Una de las tareas del escultor es unir en “un bello conjunto” cualidades como: la forma, espacio, línea, material, textura y, en algunos casos, movimiento para que la experiencia fisiológica del arte de la escultura sea dirigida a los sentidos del tacto, vista y oído. Actualmente la relación entre la escultura y el tacto es complicada, pues en ningún museo o galería es permitido el conocimiento de la belleza a través de este sentido por esta razón se le atribuye todo el valor de la experiencia a la sagrada vista, es decir, permite una contemplación del juego de volúmenes desde diferentes distancias, lo que Gottfried describió como “¡Pobre del amante, que en confortable quietud, contempla a su amada desde la distancia, como una imagen plana y se conforma sólo con eso!”

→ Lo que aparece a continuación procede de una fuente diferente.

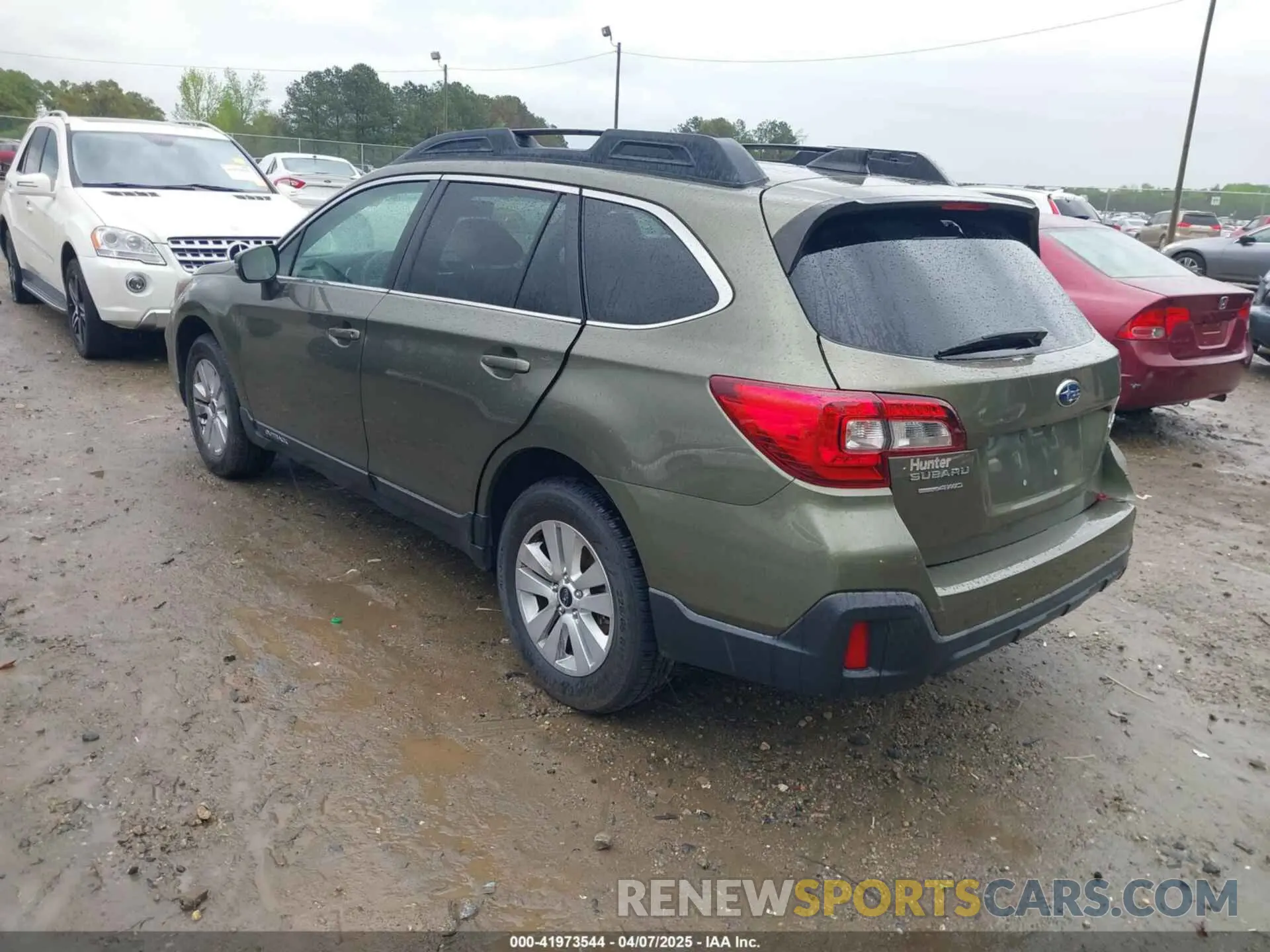 3 Photograph of a damaged car 4S4BSAFC2K3356134 SUBARU OUTBACK 2019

Pero ¿Qué pasa cuando la escultura es un fragmento montado en la pared? La pieza está completa cuando es despojada de todas sus partes visibles, se introduce al lenguaje escultórico por tener tridimensionalidad pero seduce la línea de la instalación una vez que el espectador comprende la obra y la implicación de sus componentes. La instalación necesita el espacio para completar su sentido y es por esta razón que el artista John Von Bergen requiere de grandes paredes para decir “la serie de materiales diferentes se puede incorporar a la simulación que representa lo violento, concebido para imaginar un altercado entre un objeto físico y la imitación del objeto. Mis proyectos no son necesariamente dependientes de cualquier referencia o tema en particular ya que hay muchas cosas diferentes en momentos interesantes.”

El artista Von Bergen utiliza la escala para mayor impacto sensorial, por lo que sus proyectos pueden ser desde 25cm hasta los 14mts. Los materiales más frecuentes en sus obras son: polímeros de yeso, poliuretano, acero, caucho, objetos encontrados y espuma.